The significance of analogy in Aristotle’s thought has been obscured, however, by the influence of Aquinas’ identification of the key structure of pros hen, or relation to a primary nature, as a kind of analogy; but whereas a pros hen series is also broader than a categorial genus—Halper characterizes it, à la A. C. Lloyd, as a ‘quasi-genus’ (300)—a pros hen series can be the object of knowledge, whereas a relational series proceeding no further than analogy can be explored only by the henologist, who for Aristotle is, undoubtedly, not in possession of a science: ‘In contrast, being can be known and be the object of the science of metaphysics because it is a pros hen’ (145).

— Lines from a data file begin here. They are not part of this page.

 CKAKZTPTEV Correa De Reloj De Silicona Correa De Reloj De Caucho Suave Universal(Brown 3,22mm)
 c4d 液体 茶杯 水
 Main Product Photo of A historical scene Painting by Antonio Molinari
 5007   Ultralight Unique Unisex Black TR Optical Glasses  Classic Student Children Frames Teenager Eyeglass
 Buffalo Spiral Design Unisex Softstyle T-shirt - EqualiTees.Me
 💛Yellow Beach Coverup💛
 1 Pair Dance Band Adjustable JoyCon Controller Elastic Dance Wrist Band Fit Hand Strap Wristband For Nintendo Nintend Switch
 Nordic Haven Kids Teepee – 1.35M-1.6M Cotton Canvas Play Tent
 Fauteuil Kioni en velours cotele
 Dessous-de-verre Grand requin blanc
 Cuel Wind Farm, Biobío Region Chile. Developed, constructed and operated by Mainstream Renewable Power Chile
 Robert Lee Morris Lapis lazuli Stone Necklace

Thus, ethics is saved from being a science of an analogy by being a science of the human good, rather than simply the good, and physics would be a science of an analogy were it the science of motion, rather than nature, i.e., natural motion (303, n. 20).
The transition from analogy, which encompasses the minimum relation of each to itself, to the pros hen relation is thus the transition from henology to ontology, from One to Being; and this is the transition Aristotle accomplishes in the Metaphysics according to Halper’s reading. If Halper nevertheless perpetuates certain confusions about the horizons of Platonic henology, he recognizes at any rate that Aristotle, in ‘translating’ Platonic talk about unity into ‘more refined terminology…brings out not merely the problems but some of the richness of Plato’s philosophy’ (274).